Isn’t happiness possibly the greatest desire of every human being?  Tragically, the world tells us to find happiness in all the wrong places; in material things, in elevating oneself to prominence (pride), and most sadly in doing life our own way satisfying our own desires first regardless of its implication to God and others. Jesus himself tells us that true lasting happiness is only found by hearts devoted to Him and filled with Beatitude character. It shouldn’t surprise us then that Beatitude character is the exact opposite of how the world says we are to find happiness. In the Beatitudes, Jesus says we will find happiness in being totally (and He means totally) dependent on God; think of this as being enslaved to God. Jesus says we will find happiness in humility and meekness, when we hunger and thirst for righteousness, oh, yes, and when we are persecuted because of our righteousness. You will never hear anything like this from the secular world, but we who are students of God’s Word know that true joy only comes from a loving relationship with the Lord (1 Peter 1:8) which is the foundation to Beatitude character.

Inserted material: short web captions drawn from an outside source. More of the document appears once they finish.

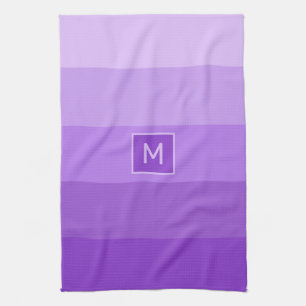 Lilac Stripes Custom Monogramm Geschirrtuch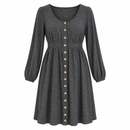 Women’s Charcoal Grey Button-Front Long-Sleeve Dress-D8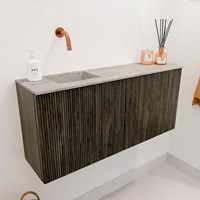 JOYA-DLUX 90cm mobile lavabo colore Shadow. Lavabo FAYE posizione Sinistra senza foro per il rubinetto colore Glace.-3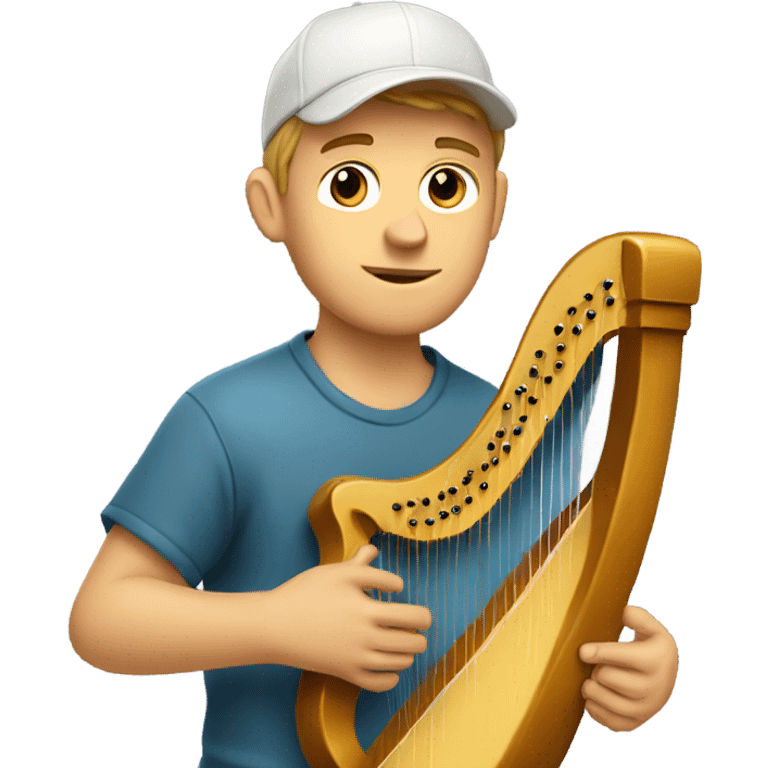 Young white guy casual with ball cap playing a big harp that looks similar to a banjo  emoji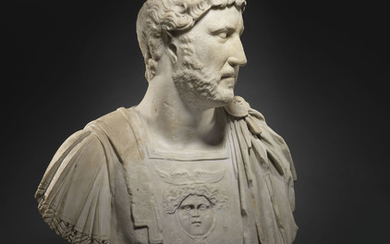 A ROMAN MARBLE PORTRAIT BUST OF THE EMPEROR HADRIAN, HADRIANIC PERIOD, REIGN 117-138 A.D.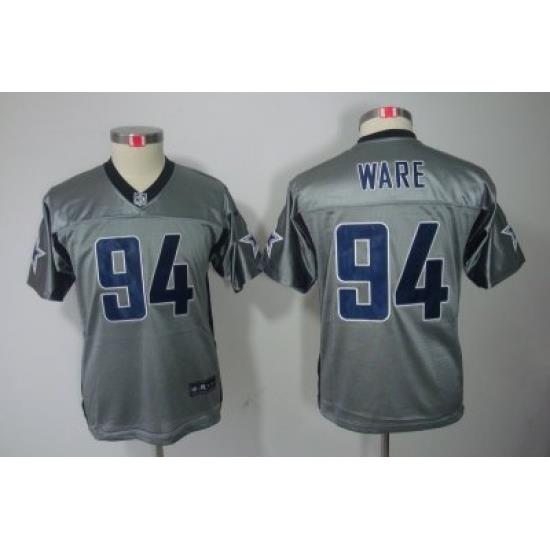 Nike Youth Dallas Cowboys #94 DeMarcus Ware[Youth Grey Shadow Elite Jerseys]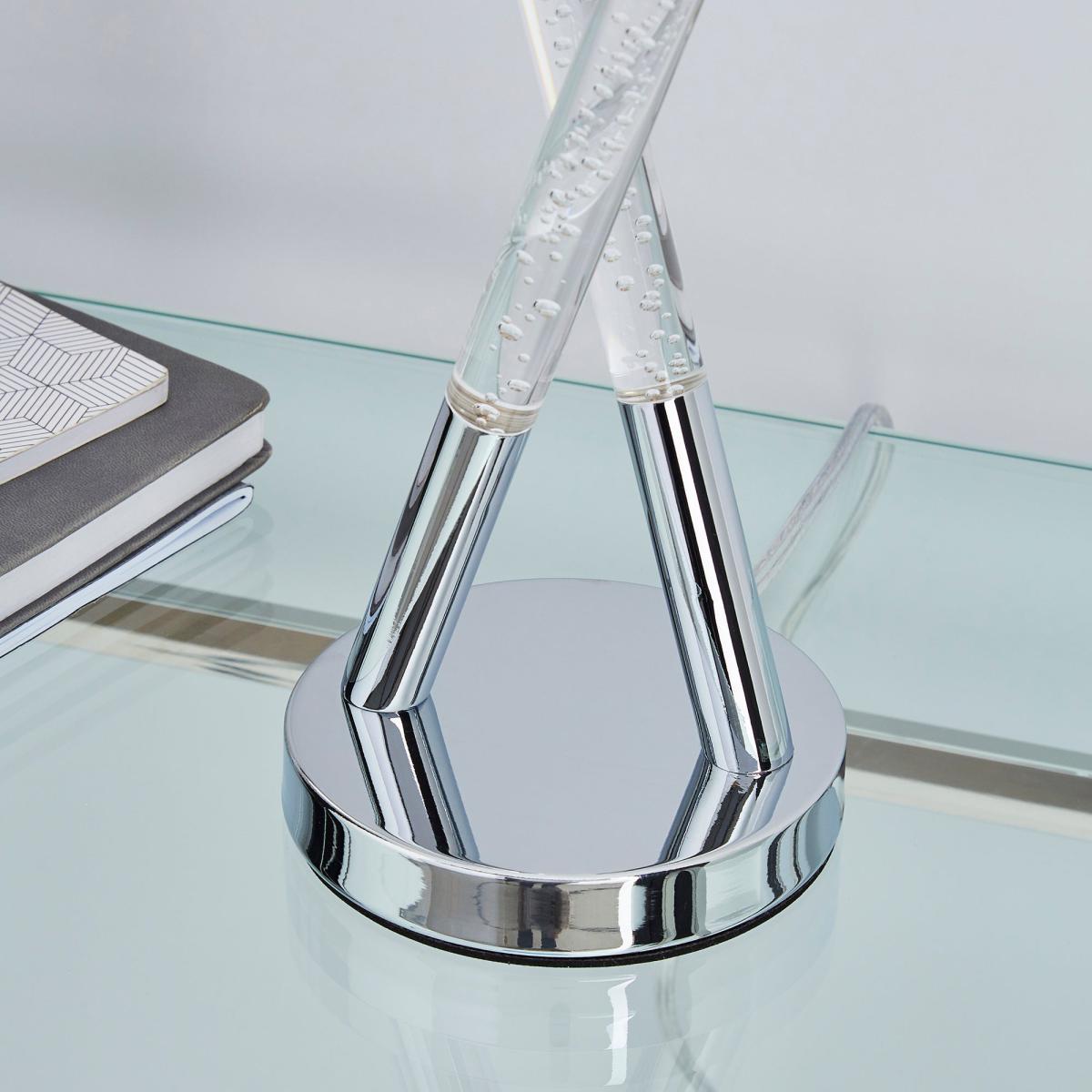 Tassani 2 Light Integrated LED Bubble Glass Table Lamp Silver, Chrome – image 3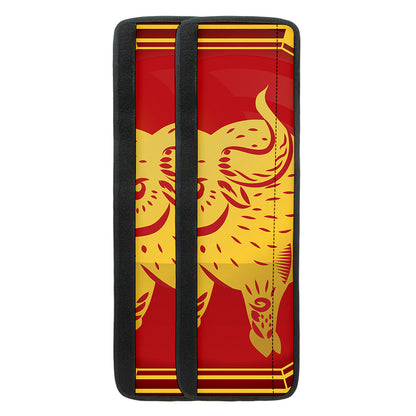Chinese Ox Zodiac Symbol Print Refrigerator Handle Covers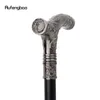 Silver Roaring Bear Head Flower Totem Relief Walking Cane Fashion Walking Stick Gentleman Crosier Knob Walking Stick 93cm 240314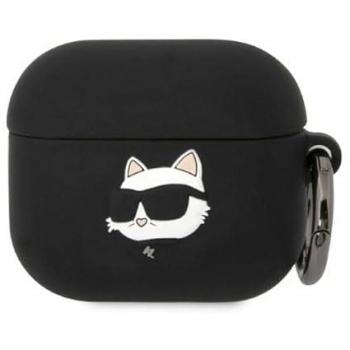 Funda de Silicona Karl Lagerfeld 3D Logo Choupette para AirPods 3, Color Negro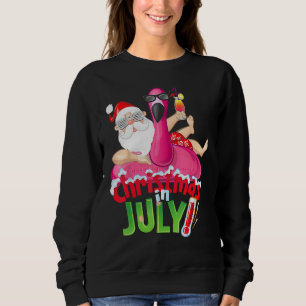 Christmas in July  Summer Flamingo Float Xmas 2 Sweatshirt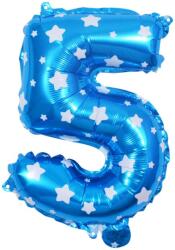 Flippy Balon din Folie Metalizata Figurina Cifra, Imprimeu Stele, Tema Aniversare 80 cm, Ambalaj Individual, Pai inclus, Umflare cu Aer sau Heliu, Albastru, Cifra 5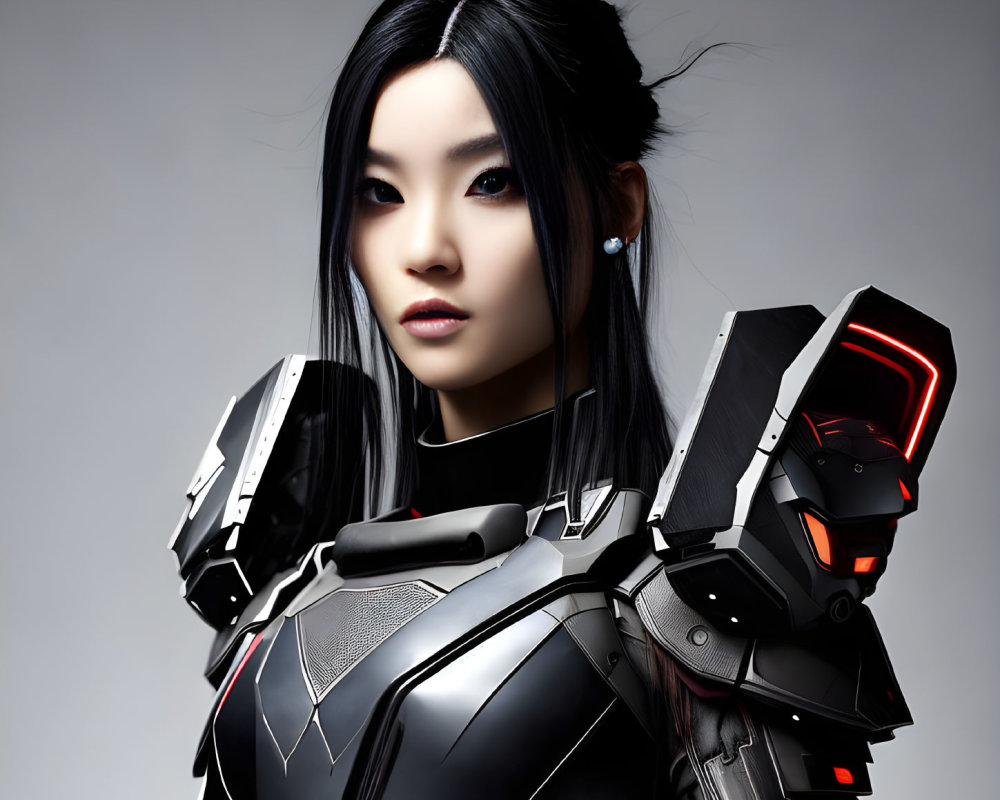 Female Cyborg in Black Futuristic Armor with Red Glowing Elements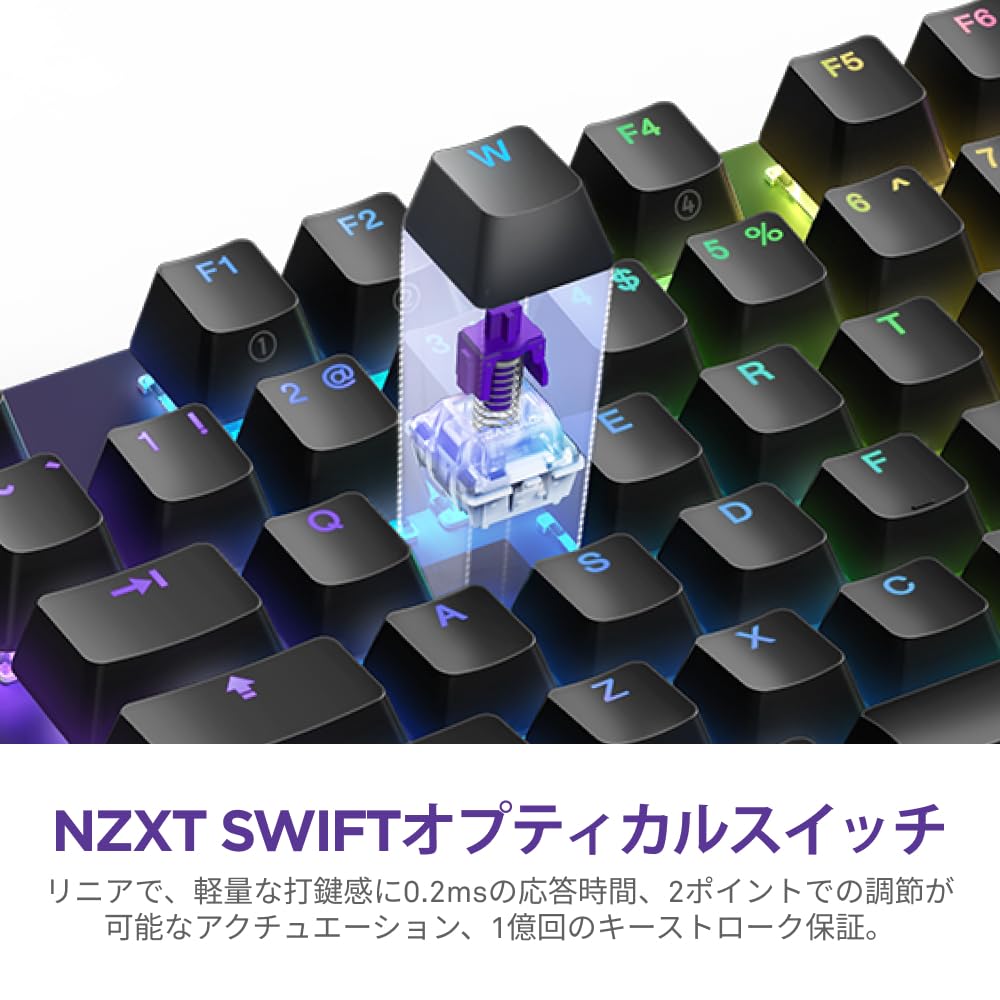 NZXT Function 2 MiniTKL Black Equipped with RGB 8K Polling Rate Optical Linear Switch Numeric English Wired Gaming Black KB0767 LED, Compatible, Type,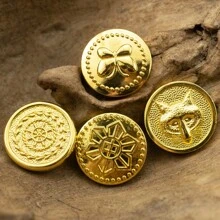 6pcs Assorted Collegiate Style JK Uniform Jacket, Metal Button Decoration Sailor Coat, Sweater, Coat Button Set - Multicolor - View 5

While promising happiness alone would be blessing enough, each Beatitude includes a present day promise. These include promises of comfort, satisfaction, mercy, sonship, the ability to see God, and the greatest of all, the promise to spend eternity with Him in the kingdom of heaven. 


Step out onto the Water

How is it that for all these years I have been glossing over Jesus’ call for a Beatitude heart and all that He promises to those who embody it. I am drawn to share how each of the nine Beatitudes revealed a new understanding of God’s expectation for the sanctified heart, but for brevity I will mention just one. Until recently, I have never fully grasped the meaning behind the very first Beatitude: “Blessed are the poor in spirit, for theirs (alone) is the kingdom of heaven” (Matthew 5:3).  Although having heard multiple times that being poor in spirit refers to our desperate need for God’s grace, it wasn’t until many weeks following our study of this Beatitude that God blessed me with a visual that helped me really understand and put in perspective my total dependence on God. I would not do justice to this beatitude if we didn’t first explore the accurate meaning behind the Greek word for “poor.” There are something like seven Greek words that can be used to describe poverty but the one Jesus (before creation) carefully chose to use is ptóchos. This word describes the severest condition of poverty, one in which a person has no ability to care for themselves. This is a person that cannot even scavenge for food and water to sustain themselves, a person that is totally dependent on others for the most basic need of life. Now with that visual in mind, God blessed me with another perspective on our total dependence on God. It is the visual of Peter stepping out of the boat that he and the other disciples were in on that stormy night. Peter knew well he had no ability to walk on water, but at that moment he well understood his total dependence on Jesus. The same is true of salvation, it is all God’s doing, we have nothing to contribute. In fact our pre-salvation works are called filthy rags. While salvation is always preceded by a step into faith, God is continually calling us to step out of the boat, an act of total dependence upon Him. Only then are our works called good.  I want to thank the men in the Mighty Oaks group for the hearty discussion which flamed the fire of God’s calling for Beatitude character in my heart. 



  1. Consider reading the Beatitudes (Matthew 5:3-12) every day for a week. Then move through the Beatitudes one per week, praying that your heart will be filled with its character and your life will reflect its Christ-likeness.
  2. Meditate on this truth: We are not meant to control our Christianity; our Christianity is rather meant to control us.
  3. I encourage you to further study the Beatitudes by reading the book our Oaks Men’s Group just finished, called “The Only Way to Happiness,” by John MacArthur. There are quite a few copies around church, please ask, and we can get you one.